To correct power factor on a motor circuit you would hook up capacitors to supply the VARs that the motor needs for its coils, this works because as the capacitor is charging the coil is discharging.

http://en.wikipedia.org/wiki/Power_Factor will probably explain every thing better.


----------



## telecom_guy (Mar 26, 2009)

So in the simple case of a generator of say 34 kw and 42 kva:

if you had purely inductive loads on it, you would be most concerned about the kva rating to make sure you get all the potential kw out of it, right?

As far a power factor goes, it looks like the power company would have to do an assessment of the facility to gather the required info it would need to come up with the power factor, right? Has anyone out there had to deal with a situation of power factor correction? Please explain how it went.


----------



## Zog (Apr 15, 2009)

telecom_guy said:


> So in the simple case of a generator of say 34 kw and 42 kva:
> 
> if you had purely inductive loads on it, you would be most concerned about the kva rating to make sure you get all the potential kw out of it, right?
> 
> As far a power factor goes, it looks like the power company would have to do an assessment of the facility to gather the required info it would need to come up with the power factor, right? Has anyone out there had to deal with a situation of power factor correction? Please explain how it went.
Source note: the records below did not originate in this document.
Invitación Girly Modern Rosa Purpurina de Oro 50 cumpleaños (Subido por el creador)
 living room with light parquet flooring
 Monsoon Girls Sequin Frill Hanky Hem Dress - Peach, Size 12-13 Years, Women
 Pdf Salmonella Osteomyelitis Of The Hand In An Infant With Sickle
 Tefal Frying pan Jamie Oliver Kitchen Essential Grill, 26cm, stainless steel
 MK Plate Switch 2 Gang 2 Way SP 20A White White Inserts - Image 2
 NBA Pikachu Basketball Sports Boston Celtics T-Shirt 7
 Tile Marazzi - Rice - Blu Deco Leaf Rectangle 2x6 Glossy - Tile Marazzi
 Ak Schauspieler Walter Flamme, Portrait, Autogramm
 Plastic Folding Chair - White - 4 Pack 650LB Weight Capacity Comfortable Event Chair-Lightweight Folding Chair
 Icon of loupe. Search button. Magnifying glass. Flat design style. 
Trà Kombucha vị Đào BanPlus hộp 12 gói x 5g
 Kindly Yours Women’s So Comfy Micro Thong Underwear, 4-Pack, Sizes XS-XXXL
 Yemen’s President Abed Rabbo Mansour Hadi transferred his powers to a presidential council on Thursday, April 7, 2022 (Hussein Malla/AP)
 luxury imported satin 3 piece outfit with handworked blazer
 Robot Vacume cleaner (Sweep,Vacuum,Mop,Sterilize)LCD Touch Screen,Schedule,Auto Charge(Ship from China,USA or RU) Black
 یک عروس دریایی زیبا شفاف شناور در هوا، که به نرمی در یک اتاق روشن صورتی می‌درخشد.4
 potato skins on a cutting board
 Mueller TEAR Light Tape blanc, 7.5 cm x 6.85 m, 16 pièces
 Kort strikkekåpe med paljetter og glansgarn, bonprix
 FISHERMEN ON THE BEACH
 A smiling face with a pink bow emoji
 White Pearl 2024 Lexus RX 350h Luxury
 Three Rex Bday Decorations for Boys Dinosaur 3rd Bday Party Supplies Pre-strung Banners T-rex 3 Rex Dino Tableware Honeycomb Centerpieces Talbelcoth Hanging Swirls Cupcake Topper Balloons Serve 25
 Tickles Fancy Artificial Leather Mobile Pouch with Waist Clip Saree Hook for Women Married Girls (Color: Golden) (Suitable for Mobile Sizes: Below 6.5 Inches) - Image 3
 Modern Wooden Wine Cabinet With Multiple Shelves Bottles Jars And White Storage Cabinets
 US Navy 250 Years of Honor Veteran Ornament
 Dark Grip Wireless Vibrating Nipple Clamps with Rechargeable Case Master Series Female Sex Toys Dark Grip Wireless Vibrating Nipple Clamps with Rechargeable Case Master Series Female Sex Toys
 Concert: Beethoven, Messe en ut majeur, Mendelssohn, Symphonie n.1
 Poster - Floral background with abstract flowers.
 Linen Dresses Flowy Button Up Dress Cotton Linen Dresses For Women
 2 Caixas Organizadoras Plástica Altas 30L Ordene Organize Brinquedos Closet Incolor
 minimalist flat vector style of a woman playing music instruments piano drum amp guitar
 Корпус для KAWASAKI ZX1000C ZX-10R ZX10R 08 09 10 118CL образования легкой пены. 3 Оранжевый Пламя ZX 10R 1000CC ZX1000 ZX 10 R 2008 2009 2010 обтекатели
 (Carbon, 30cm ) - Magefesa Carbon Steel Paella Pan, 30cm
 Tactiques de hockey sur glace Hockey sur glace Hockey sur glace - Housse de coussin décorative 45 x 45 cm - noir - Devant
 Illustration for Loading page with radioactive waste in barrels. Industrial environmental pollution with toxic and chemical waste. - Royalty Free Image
Not sure what you mean by purley inductive loads, there is no such thing. The kW rating of the generator is based on the size of the prime mover and the kVA rating rating is simply a function of the voltage and current ratings of the equipment. 

A power company always knows the pf at a facility. They hvae meters for Voltage, current, and watts. pf=(watts/voltamps). I have done many pf correction projects it is pretty simple stuff, did you have a specific question about pf correction.


----------



## telecom_guy (Mar 26, 2009)

No, I dont have a specific question, I am just trying to understand it and I thought it would help to see some examples of problems and corrections. 

As to the "purely inductive load", I meant (and am probly misusing the term) a motor load. I am wondering if you have loads such as motors if the va is more than say a heating element. Am I understanding correctly that certain loads operate with more "lag" than others (such as motors) and others are equally balanced (like a heating element?), while still others operate with a "lead" (such as capacitors)?

If this is so, the said generator would have more than enough potential kva to operate an equally balanced load while it may not be the case with a load with a lot of "lag".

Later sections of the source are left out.